College coaches getting fired and new ones getting hired is common each season, but what has happened at Maryland over the past few months — even the past 48 hours — has disrupted the recruiting process and put Maryland’s local recruits and commits in flux.
As a result, the increasingly successful pipeline the Maryland program has built with local recruits has been impacted negatively, and some in the area question whether it can get back on track.
“I think there are going to be questions on how this whole situation is handled, and it is hard to overcome in the short run,” Good Counsel Coach Andy Stefanelli said. “It is not a good look for the school and hopefully they can rectify things there, but until then, it’s going to have an impact on local recruiting and there are no two ways about it.”
Stefanelli, who has watched several Good Counsel football players play for Maryland over the past decade, said one of his biggest issues was the “lack of leadership and direction” from the university. Durkin had been on administrative leave since Aug. 10, amid separate investigations into the circumstances that led to the June death of 19-year-old offensive lineman Jordan McNair and into the culture of the football program following media reports alleging abuse and bullying by staff members.
After Wednesday’s decision to fire Durkin, the biggest question among local high school coaches was: What can they tell players about the future of Maryland football?
“I want to see the situation rectified, and it needs to be rectified soon before I can feel good about feeling good about recommending kids to go there,” Stefanelli said.
Eleanor Roosevelt Coach Tom Green, who has sent seven players in the past 11 years to Maryland, said he noticed less of a Maryland presence during the summer and in-season. Previously, under Durkin’s staff, Green has had multiple face-to-face meetings with Durkin about his players, as well as visits from defensive backs coach Aazaar Abdul-Rahim. This year, as Stefanelli described it, Maryland’s recruiting presence has been “flying under the radar.”
“Under Durkin’s tenure, they did a great job recruiting our players and area players,” DeMatha Coach Elijah Brooks said. "Us obviously being two miles down the road, we want them to be successful so they can continue to recruit our guys. I know kids in the area like the University of Maryland. It was a clearly unfortunate situation. Only time will tell what comes of it.”

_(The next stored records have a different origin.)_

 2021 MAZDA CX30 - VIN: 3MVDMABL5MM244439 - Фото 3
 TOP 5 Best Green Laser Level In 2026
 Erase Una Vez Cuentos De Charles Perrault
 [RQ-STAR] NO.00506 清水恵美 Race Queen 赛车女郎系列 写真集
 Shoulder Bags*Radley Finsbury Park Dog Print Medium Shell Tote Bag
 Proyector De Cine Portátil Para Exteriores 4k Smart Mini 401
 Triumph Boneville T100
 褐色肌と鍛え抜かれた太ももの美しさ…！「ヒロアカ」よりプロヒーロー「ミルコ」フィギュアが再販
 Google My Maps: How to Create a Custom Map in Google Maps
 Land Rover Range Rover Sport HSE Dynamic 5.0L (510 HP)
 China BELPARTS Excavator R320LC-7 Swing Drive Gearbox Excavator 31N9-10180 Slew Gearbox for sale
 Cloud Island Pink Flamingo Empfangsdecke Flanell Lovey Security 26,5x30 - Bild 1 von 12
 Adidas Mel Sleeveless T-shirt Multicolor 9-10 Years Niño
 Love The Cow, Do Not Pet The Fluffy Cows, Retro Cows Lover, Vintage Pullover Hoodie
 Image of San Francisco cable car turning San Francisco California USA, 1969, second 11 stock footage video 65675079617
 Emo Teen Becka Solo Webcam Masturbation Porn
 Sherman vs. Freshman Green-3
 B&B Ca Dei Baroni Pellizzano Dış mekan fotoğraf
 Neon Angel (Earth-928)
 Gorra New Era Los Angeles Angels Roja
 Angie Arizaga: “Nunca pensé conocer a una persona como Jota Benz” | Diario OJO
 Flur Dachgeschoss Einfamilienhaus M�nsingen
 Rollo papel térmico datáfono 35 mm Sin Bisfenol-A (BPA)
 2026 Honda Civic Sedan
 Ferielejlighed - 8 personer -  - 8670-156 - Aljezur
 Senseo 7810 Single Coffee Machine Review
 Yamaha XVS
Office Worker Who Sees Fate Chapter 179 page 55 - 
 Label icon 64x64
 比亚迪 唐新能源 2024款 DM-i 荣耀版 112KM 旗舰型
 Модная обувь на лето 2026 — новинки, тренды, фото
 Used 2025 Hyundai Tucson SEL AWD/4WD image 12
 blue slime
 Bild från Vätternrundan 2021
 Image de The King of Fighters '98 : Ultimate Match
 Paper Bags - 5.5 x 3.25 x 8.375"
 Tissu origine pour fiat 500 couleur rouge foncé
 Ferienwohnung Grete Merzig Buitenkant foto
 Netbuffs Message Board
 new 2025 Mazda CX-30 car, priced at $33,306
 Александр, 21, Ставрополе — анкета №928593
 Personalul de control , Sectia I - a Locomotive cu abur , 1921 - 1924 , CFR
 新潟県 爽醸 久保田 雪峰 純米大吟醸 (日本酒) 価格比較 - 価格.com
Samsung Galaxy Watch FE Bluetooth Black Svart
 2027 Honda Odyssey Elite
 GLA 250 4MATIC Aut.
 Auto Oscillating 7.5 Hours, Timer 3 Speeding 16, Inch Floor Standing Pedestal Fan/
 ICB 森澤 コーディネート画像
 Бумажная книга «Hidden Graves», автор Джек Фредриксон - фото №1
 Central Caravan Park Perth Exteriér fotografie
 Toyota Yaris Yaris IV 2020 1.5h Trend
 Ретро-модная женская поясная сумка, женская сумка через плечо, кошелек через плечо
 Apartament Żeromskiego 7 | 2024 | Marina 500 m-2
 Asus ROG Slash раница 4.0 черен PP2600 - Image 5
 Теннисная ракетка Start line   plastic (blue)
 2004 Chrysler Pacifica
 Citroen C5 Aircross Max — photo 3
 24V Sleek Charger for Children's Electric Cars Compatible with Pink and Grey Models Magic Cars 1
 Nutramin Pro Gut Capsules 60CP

Brooks, who has seen eight players in the past three years sign with Maryland, said DeMatha’s staff still communicates frequently with Maryland and the Terps staff has shown continued interest in the players in Hyattsville. Stefanelli said the biggest impact might not affect players to whom Maryland is the only the Power Five school offering a scholarship but rather the more “high impact” players with multiple offers from big college programs.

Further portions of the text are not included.